When asked about the discrepancies between Reynolds’s stated vision and his set, Schug gave a good-natured laugh.
“Well, first off, I have no clue what Francine’s vision is most of the time,” he said. “I just like having the play anchored somewhere, as opposed to all off in some other place, some other time, something we can’t really relate to.”
The design’s multiple playing areas were intended to help with the show’s quick pace, he pointed out, so the production wouldn’t get slowed down by moving things on and off the stage during the numerous scene changes. Schug also used the stage’s trap door and other mechanics to make set pieces appear and disappear quickly. But in addition to the practicality of the design, Schug’s set was attuned to the play’s message of common ground.

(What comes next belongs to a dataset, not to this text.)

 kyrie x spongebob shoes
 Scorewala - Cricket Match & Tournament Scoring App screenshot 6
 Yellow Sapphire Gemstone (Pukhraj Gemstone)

“I figured I would give everyone their own camp,” said Schug. “You can see each one of the characters in their own world, in their own living environment, and how they really aren’t that much different. They’re living literally right next door to each other on the stage set.”

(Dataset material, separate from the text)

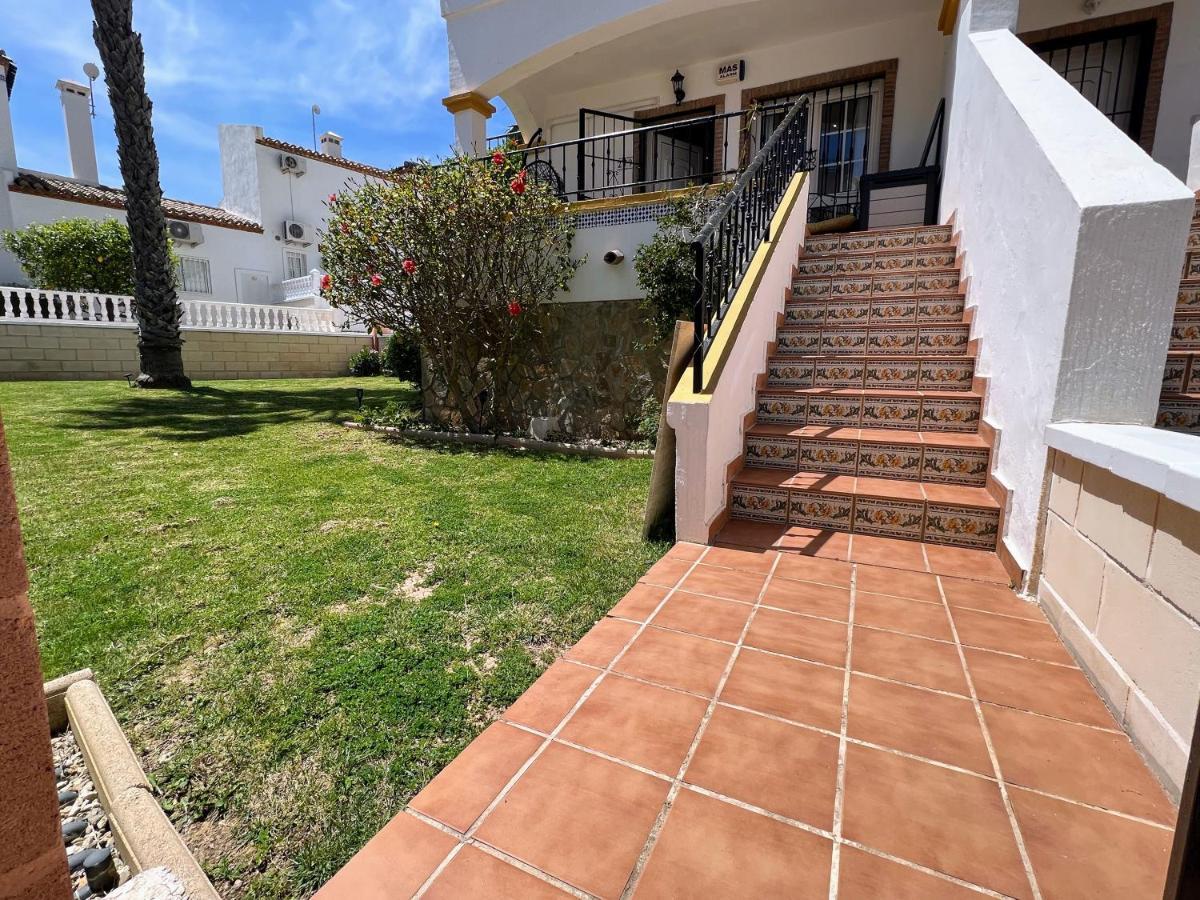 Nice Ground Floor Apartment With Communal Pool In Los Dolses Ld279 Orihuela Buitenkant foto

On opening night the crowds turned out. The theatre was nearly full (if not quite sold out) at the opening curtain, and a pre-show forum on “Strength, Community, and Real Progress for Today,” hosted by the William Winter Institute for Racial Reconciliation, packed the theatre’s meeting room and ran right up to the play’s scheduled start time. Reynolds seemed a little harried but relieved.
“I hate a late curtain,” she declared, rushing from the meeting room to the mainstage. “But oh well!”
Actors Blackwell and Duncan came out swinging, establishing their characters as powerful forces. Neither showed a hint of weakness in the face of the other’s scorn and loathing. Between them was Myles, as the ever-cool Riddick, unfazed by the anger swirling around him. Apart from it all was Mary, played by Wilkinson—a reminder that amid the battles over policy and politics, the bills still have to get paid and the diapers still have to get changed.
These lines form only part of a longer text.